London Metropolitan Archives, P93/DUN/327, f. 99r. 19 May 1641.

Yet, whilst Ratcliff’s division from Shadwell is explained as an administrative necessity, the vestry’s decree also functioned as a placemaking activity that was closely bound to the control of civic identities. The vestry’s division of Ratcliff into the ‘Stepney’ and ‘Wapping’ sides clearly distinguished the wealthy eastern side of Ratcliff from the much poorer Shadwell to the west. Although both sides had churchwardens to regulate their districts, it was only the eastern ‘Stepney’ side that retained the name of Ratcliff and only this side that was represented on the vestry. Furthermore, whilst the decree’s first item clearly asserted that the two churchwardens ‘shalbe reputed & taken but as one’, within four years Ratcliff’s churchwarden is openly referred to as the ‘upper churchwarden’ over Shadwell’s ‘under’, consolidating Ratcliff’s superiority.[7] That the large majority of vestrymen lived and worked in Ratcliff, rather than Shadwell, is no coincidence.

By formalising the social and economic division between Ratcliff and Shadwell through the creation of parochial offices, and through further repeated appraisals within the vestry minutes of an ‘upper’ Ratcliff and ‘under’ Shadwell, Stepney’s vestry consciously shaped concepts of place within the parish.[8] By 1670, Shadwell had become its own distinct parish, functioning as no part of Stepney at all.

‘Shadwell Churchwarden’. London Metropolitan Archives, P93/DUN/327, f. 99r. 19 May 1641.
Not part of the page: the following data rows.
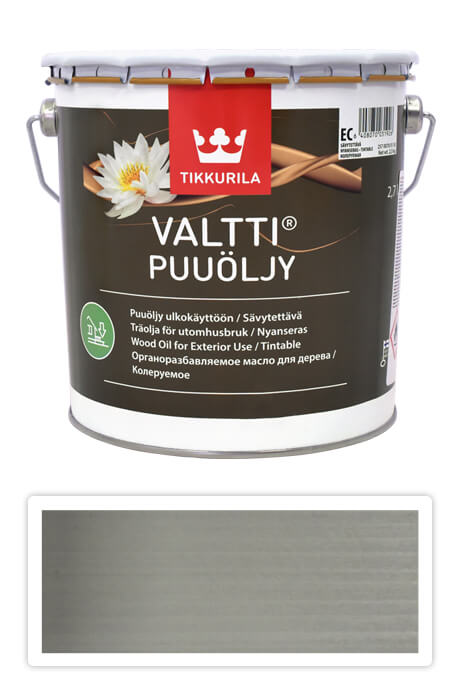 TIKKURILA Valtti wood oil - olej na terasy a nábytek 2.7 l Kaste 5081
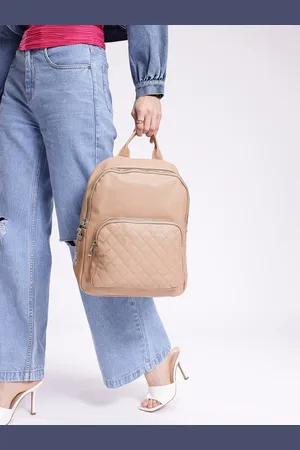 DressBerry Women Quilted Backpack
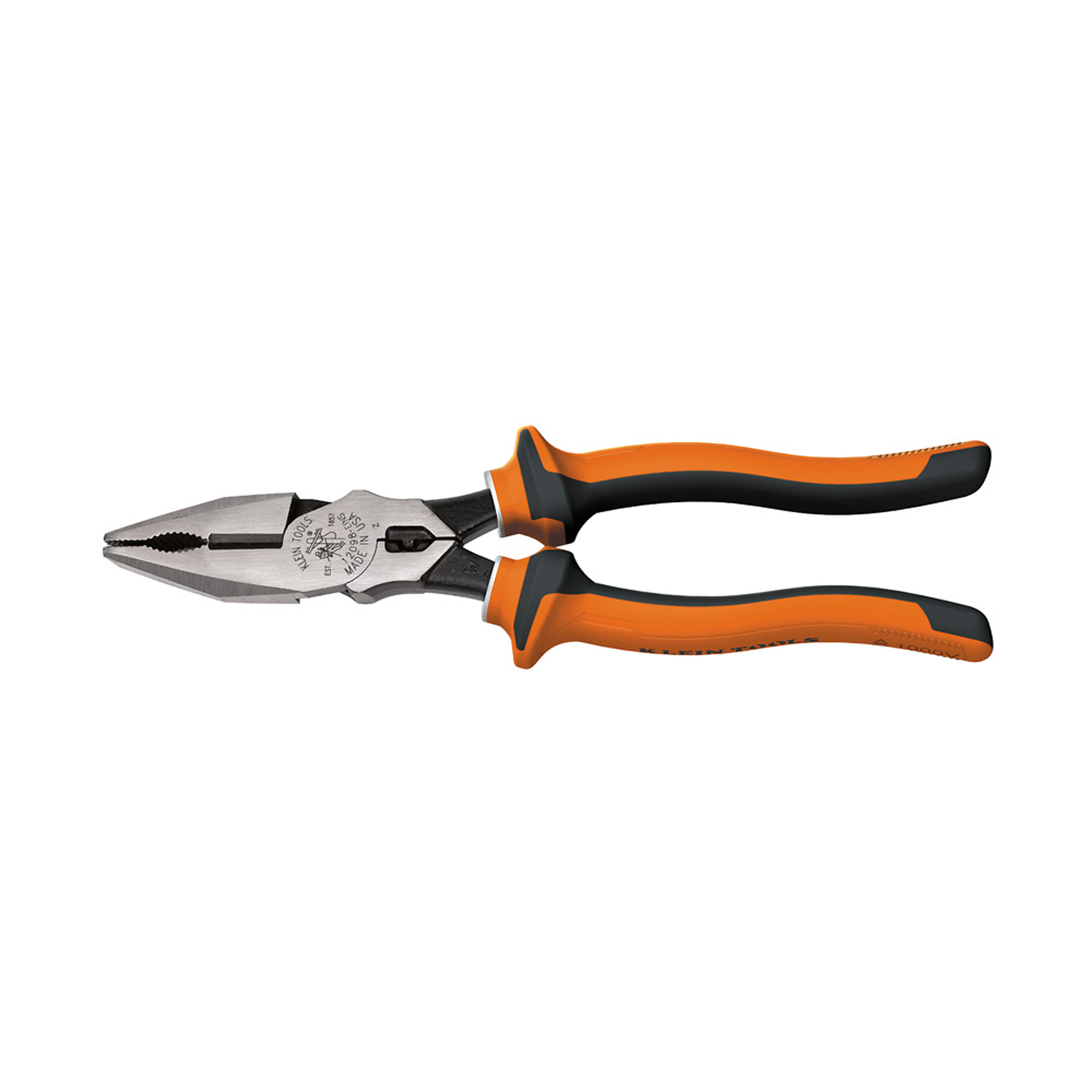 Klein Tools, Combination Pliers, Insulated, Pieces (qty.) 1 Material Steel, Jaw Capacity 1.88 in, Model# 12098EINS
Being elected to the vestry was a testimony to one’s reputation and position within a local community. It allowed middling individuals, who were still working daily to keep their social and economic positions, to assert their place amongst a ‘better sort’ and attempt to fix this achieved position through acts of parochial legislation and record-keeping. Stepney’s vestry minutes book functioned as a tool that allowed its users to demonstrate their skills and project their own envisaged identities, whilst also shaping places and managing the ‘divers others’ that were not a part of the vestry’s ‘unified’ local elite. 

By Michael Powell-Davies
(PhD Candidate, University of Kent, School of English and Centre for Medieval and Early Modern Studies)


[1] London Metropolitan Archives, P93/DUN/327, f. 30r. 26 May 1597.
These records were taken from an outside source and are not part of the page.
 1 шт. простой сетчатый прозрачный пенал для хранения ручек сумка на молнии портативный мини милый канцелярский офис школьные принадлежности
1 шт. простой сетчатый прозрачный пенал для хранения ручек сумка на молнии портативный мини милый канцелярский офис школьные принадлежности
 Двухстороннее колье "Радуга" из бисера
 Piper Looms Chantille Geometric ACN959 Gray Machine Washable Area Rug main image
[2] Steve Hindle, The State and Social Change in Early Modern England, 1550-1640 (Hampshire: Palgrave, 2002), pp. 206-7.

[3] London Metropolitan Archives, P93/DUN/327, f. 30r. 26 May 1597.

[4] For biographies of these individuals, and many others mentioned in the vestry minutes book, see Memorials of Stepney Parish, ed. by G. W. Hill and W. H. Frere (Guildford: Billing & Sons, 1891).
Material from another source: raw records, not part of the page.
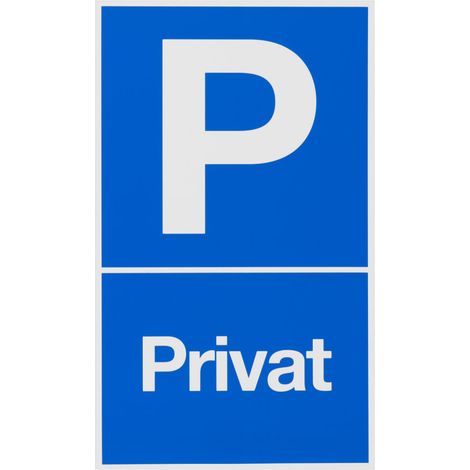 Conmetall Hinweisschild Parkplatz-Privat 25 x 15 cm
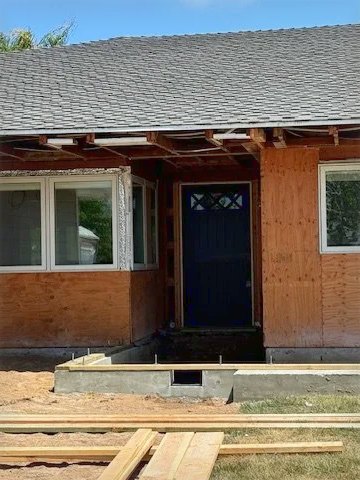 The entry, opened up
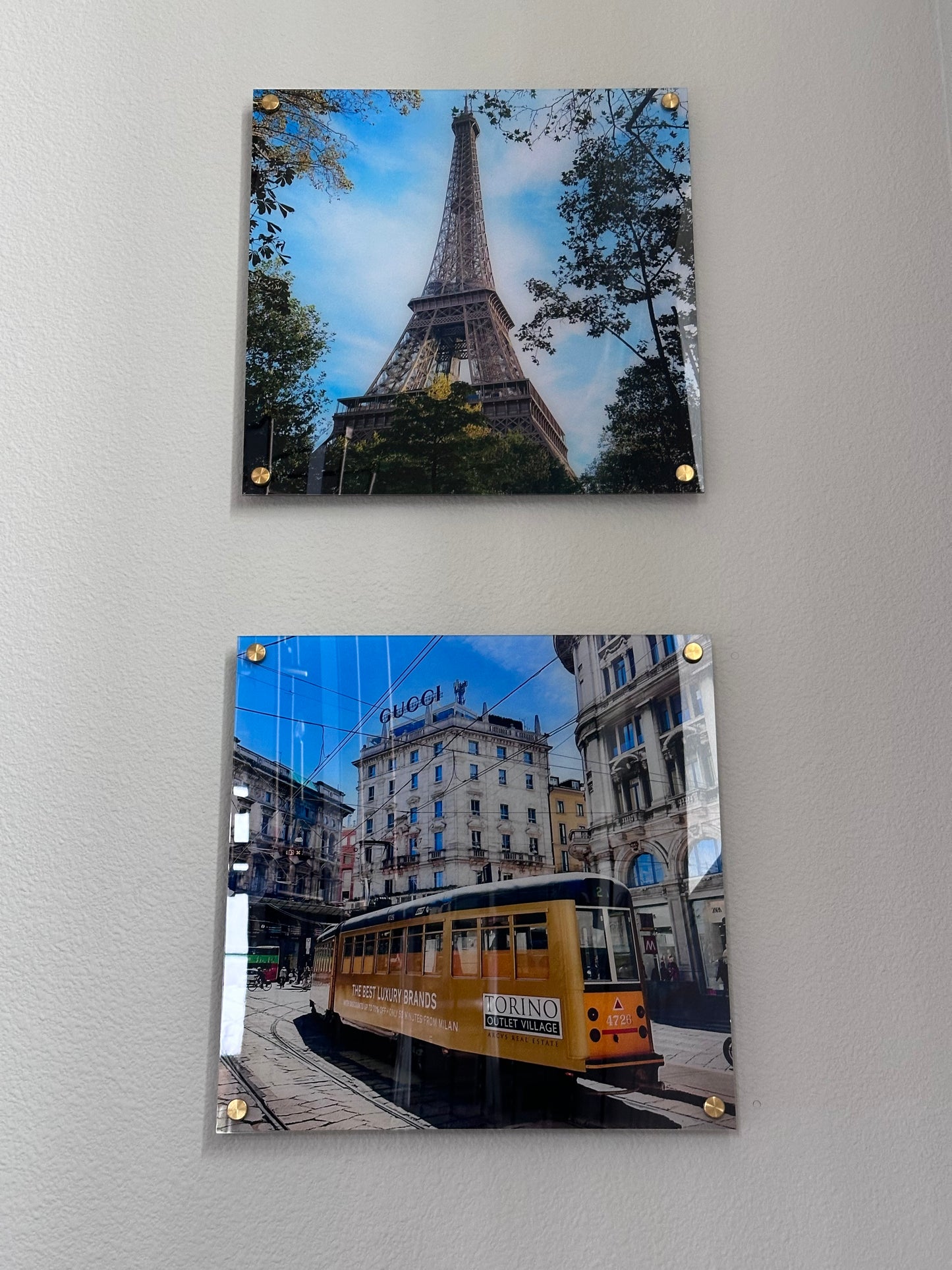 Floating Acrylic Sign, Custom Logo Printed on Acrylic. Corporate Sign, Business Sign. - Professional Artwork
[5] J. F. Merritt, ‘Religion and the English Parish’, in The Oxford History of Anglicanism, Volume I, ed. by Anthony Milton (Oxford: Oxford University Press, 2017), pp. 122-147 (pp. 135-6).

[6] Sydney Maddocks, ‘Ratcliff’, Copartnership Herald, 3.26 (1933), no pages. Hector Bolitho disputes this claim, suggesting that the lane is named after an earlier Captain Robert Salmon (fl. 1588) in Without the City Wall (London: John Murray, 1952).  

[7] London Metropolitan Archives, P93/DUN/327, f. 99r. 19 May 1641.

[8] London Metropolitan Archives, P93/DUN/327, f. 103v. 6 May 1645. Subsequent references to the ‘West’ and ‘East part of the Hamlett of Ratcliffe’ evidences that ‘upper’ and ‘lower’ are appraisals of position rather than topographical references.